Historical Version of Section.
Superseded May 12, 2015.
(1) A nonprofit corporation may:
(a) make distributions or distribute the nonprofit corporation's assets to a member:
(i) that is a domestic or foreign nonprofit corporation;
(ii) of a mutual benefit corporation, not inconsistent with its bylaws; or
(iii) that is a governmental entity;
(b) pay compensation in a reasonable amount to its members, directors, or officers for services rendered;
(c) if a cooperative nonprofit corporation, make distributions consistent with its purposes; and
(d) confer benefits upon its members in conformity with its purposes.
(2) A nonprofit corporation may make distributions upon dissolution as follows:
(a) to a member that is a domestic or foreign nonprofit corporation;
(b) to its members if it is a mutual benefit corporation;
(c) to another nonprofit corporation, including a nonprofit corporation organized to receive the assets of and function in place of the dissolved nonprofit corporation; and
(d) otherwise in conformity to this chapter.

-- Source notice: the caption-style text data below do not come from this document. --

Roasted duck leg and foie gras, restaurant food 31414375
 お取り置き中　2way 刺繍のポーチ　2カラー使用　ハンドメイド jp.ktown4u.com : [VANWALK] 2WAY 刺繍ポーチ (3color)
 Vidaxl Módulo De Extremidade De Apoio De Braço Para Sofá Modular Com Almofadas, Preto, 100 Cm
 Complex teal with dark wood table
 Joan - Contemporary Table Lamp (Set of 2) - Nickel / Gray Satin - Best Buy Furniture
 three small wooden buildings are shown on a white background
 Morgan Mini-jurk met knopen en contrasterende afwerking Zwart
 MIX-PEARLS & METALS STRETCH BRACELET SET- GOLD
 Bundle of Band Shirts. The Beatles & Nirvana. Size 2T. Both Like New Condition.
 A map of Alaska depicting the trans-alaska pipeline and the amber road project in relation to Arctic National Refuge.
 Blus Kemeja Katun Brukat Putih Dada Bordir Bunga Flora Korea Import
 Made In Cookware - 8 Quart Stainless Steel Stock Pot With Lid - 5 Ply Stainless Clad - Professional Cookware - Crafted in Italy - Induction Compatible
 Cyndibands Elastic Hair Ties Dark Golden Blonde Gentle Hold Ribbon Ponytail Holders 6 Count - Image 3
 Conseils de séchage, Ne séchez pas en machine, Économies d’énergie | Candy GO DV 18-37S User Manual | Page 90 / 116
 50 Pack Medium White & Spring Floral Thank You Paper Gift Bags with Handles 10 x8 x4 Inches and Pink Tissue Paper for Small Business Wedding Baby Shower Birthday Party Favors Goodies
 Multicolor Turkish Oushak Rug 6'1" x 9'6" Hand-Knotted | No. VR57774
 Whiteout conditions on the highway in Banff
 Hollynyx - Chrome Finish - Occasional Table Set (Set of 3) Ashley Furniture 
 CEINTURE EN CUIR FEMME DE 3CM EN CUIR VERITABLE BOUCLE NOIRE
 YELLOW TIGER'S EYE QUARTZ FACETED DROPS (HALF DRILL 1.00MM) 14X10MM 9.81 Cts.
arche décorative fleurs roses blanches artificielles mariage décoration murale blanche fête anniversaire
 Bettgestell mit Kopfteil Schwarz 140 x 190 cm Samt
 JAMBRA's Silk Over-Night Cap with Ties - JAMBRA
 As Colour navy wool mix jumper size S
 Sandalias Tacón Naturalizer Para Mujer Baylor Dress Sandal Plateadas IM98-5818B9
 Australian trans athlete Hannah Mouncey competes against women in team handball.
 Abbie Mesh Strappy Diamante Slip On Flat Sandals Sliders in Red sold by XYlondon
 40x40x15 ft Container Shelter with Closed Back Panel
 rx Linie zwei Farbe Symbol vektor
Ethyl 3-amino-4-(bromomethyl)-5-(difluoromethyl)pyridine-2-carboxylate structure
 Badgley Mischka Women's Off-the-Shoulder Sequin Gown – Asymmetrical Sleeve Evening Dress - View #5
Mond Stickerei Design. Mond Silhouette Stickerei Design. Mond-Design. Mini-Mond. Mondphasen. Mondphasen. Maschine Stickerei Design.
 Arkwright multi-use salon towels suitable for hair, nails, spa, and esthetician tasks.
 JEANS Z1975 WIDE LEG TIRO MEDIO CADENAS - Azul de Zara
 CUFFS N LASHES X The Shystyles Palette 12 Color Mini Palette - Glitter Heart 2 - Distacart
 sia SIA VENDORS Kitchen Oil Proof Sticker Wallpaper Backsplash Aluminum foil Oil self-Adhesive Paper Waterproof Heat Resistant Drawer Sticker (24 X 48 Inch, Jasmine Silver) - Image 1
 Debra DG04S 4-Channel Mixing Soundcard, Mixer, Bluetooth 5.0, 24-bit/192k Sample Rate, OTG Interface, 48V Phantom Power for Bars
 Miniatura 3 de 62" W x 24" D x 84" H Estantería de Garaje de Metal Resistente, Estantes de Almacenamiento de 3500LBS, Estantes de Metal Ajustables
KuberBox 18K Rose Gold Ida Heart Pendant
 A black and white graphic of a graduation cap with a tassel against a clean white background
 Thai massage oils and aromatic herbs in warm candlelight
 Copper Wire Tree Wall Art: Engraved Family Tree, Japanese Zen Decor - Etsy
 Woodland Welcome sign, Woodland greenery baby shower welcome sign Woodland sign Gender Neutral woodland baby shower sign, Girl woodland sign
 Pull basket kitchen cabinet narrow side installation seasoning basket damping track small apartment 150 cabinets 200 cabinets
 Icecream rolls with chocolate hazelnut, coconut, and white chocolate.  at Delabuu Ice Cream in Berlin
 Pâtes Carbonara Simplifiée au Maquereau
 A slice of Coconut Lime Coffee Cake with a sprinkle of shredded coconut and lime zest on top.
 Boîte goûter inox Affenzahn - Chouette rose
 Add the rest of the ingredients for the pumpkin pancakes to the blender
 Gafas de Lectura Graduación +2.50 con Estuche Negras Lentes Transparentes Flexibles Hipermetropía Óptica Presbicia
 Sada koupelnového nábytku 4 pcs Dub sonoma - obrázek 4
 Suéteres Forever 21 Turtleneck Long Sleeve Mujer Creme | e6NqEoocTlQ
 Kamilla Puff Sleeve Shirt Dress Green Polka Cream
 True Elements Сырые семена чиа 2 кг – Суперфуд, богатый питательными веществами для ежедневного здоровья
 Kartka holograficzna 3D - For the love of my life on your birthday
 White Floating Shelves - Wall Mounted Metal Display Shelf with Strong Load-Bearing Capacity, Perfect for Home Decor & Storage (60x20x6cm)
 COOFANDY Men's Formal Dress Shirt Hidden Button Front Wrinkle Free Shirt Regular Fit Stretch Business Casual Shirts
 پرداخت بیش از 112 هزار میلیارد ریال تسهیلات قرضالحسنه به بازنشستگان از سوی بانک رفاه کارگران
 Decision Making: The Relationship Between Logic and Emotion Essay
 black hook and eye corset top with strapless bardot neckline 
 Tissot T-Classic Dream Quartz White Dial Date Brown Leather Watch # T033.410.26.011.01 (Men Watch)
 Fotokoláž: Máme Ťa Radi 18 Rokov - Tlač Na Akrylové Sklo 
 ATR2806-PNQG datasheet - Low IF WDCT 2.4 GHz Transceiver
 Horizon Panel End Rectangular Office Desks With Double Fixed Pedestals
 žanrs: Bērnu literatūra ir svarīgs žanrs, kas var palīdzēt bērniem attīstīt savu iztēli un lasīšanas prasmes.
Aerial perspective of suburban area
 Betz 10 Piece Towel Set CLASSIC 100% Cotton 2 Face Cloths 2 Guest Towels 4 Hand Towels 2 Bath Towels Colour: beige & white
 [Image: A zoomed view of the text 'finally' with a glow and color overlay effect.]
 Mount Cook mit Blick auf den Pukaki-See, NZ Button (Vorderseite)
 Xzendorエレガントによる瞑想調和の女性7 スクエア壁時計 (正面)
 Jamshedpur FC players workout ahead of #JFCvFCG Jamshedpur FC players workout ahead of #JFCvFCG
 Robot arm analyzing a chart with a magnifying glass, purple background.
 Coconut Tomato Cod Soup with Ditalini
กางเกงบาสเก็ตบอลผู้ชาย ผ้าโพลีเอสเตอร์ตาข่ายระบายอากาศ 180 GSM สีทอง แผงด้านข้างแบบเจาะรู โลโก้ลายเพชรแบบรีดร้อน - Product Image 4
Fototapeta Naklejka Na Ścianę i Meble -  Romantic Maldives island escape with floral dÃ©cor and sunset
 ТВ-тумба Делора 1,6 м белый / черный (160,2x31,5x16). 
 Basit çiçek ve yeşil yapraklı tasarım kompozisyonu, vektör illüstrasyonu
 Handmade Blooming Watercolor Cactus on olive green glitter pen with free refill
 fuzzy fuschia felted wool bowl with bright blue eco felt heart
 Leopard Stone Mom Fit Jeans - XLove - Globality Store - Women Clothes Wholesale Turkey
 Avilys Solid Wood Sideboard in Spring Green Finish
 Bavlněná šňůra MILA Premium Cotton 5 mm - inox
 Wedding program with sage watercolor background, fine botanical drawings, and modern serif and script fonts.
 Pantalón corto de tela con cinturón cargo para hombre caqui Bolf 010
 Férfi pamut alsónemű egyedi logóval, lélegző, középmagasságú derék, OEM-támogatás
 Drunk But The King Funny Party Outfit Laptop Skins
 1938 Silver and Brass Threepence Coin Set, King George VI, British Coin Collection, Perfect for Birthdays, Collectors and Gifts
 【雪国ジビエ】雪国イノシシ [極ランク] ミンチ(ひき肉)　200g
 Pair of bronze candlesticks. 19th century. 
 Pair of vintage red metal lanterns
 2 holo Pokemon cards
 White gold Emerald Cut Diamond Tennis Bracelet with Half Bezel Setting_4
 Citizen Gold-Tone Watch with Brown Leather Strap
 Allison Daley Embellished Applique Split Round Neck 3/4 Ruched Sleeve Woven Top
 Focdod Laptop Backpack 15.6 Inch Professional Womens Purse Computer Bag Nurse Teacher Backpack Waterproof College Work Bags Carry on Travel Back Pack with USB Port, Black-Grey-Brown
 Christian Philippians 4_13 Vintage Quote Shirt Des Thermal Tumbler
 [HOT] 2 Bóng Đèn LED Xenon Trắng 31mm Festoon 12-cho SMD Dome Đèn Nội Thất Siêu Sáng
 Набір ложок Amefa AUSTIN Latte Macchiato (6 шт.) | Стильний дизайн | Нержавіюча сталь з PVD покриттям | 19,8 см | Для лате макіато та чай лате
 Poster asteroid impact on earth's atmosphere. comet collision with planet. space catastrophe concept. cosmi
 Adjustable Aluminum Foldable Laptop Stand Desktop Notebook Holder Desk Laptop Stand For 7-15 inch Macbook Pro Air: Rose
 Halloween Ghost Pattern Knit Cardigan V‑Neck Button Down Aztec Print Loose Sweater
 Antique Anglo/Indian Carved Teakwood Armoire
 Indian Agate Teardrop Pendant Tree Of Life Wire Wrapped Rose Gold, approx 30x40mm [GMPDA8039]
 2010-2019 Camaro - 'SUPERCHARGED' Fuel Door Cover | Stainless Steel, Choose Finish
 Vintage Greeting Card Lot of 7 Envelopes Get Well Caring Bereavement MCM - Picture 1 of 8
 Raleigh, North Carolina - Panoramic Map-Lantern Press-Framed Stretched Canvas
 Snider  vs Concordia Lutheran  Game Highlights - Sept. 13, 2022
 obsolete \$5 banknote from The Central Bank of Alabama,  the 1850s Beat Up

(3) A mutual benefit corporation may purchase a member's membership in conformity with Section 16-6a-610 if, after the purchase is completed:
(a) the mutual benefit corporation would be able to pay its debts as they become due in the usual course of its activities; and
(b) the mutual benefit corporation's total assets would at least equal the sum of its total liabilities.
(4) Authorized distributions by a dissolved nonprofit corporation may be made by authorized officers or directors, including those elected, hired, or otherwise selected after dissolution if the election, hiring, or other selection after dissolution is not inconsistent with the articles of incorporation and bylaws existing at the time of dissolution.